27 Aug How to Buy and Run a Franchise
With most startups not going as planned or gaining enough momentum, buying an already working franchise can be a very practical solution.
Especially considering how loans for startups are quite difficult to obtain, but buying an existing franchise is much easier.
The return-on-investment is also much quicker than new startups, which is another reason people prefer buying franchises over making them.
1. Picking The Right Franchise:
When you decide on buying a franchise, it is important to do thorough research on the types of franchises available and your own preferences.
You also need to ascertain whether the franchises you have narrowed down to are actually legit or just scams because such occurrences aren’t that uncommon.
If you are having trouble finalizing your pick, you can always ask a few franchisors to share their experiences to help guide your choice.
2. Securing The Financial Requirements:
Since buying a franchise will obviously cost you money, you need to decide how you’re going to arrange it.
Even if you don’t have enough savings, banks are mostly happy to give you a loan for this reason.
Different franchises have different costs, so you need to take that into account as well.

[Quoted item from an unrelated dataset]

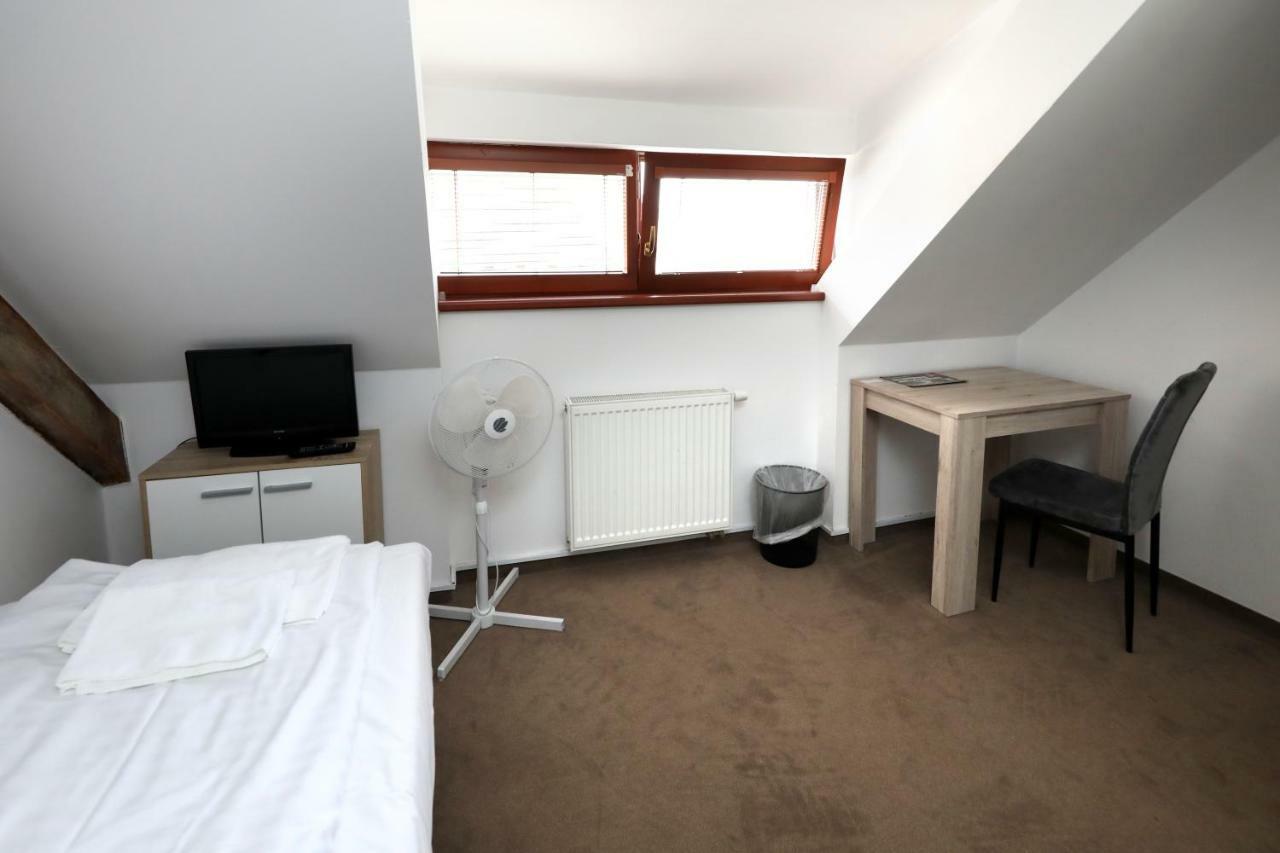 Pension U Tri Sedlaku Ceske Budejovice Buitenkant foto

Because once you get the loan, you have to give it back regardless of whether or not your business succeeds.
3. Acquiring Process:
Once you have decided on the franchise and arranged for the money, you will most likely go through the following steps before acquiring the franchise:
● Reviewing the disclosure agreement.
Before signing the contract, the franchisor will most likely give you some detailed documents to help you familiarize yourself with the business, its input, and output.
● Applying for the buying process.
Once you’ve gone over the details of the business, you will formally make an offer to them.
If the offer is accepted, you most likely have an interview with them so they can assess your compatibility with the business and capability to buy it.
● Signing the contract.
If you clear the filtering process and sign the contract, the franchise will be transferred to your name.
However, before signing the agreement, make sure to have a qualified attorney go over it so that you don’t have any trouble in the long run due to any shady clauses.
Before handing over the reins to you, the franchisor will most likely hold a training period for you to get familiarized with the requirements of running the business.
Boosting The Business:
Now that you have obtained the business, you will need to work on its publicity and mechanics.
First and foremost, devise a marketing strategy that would work best for your business type.
Start the hiring process as your budget allows so that you can start delegating necessary tasks and focus on ways to improve the business.
In essence, buying and running an existing franchise may be time-consuming and require a lot of money, but it will definitely be easier than starting from nowhere as a startup.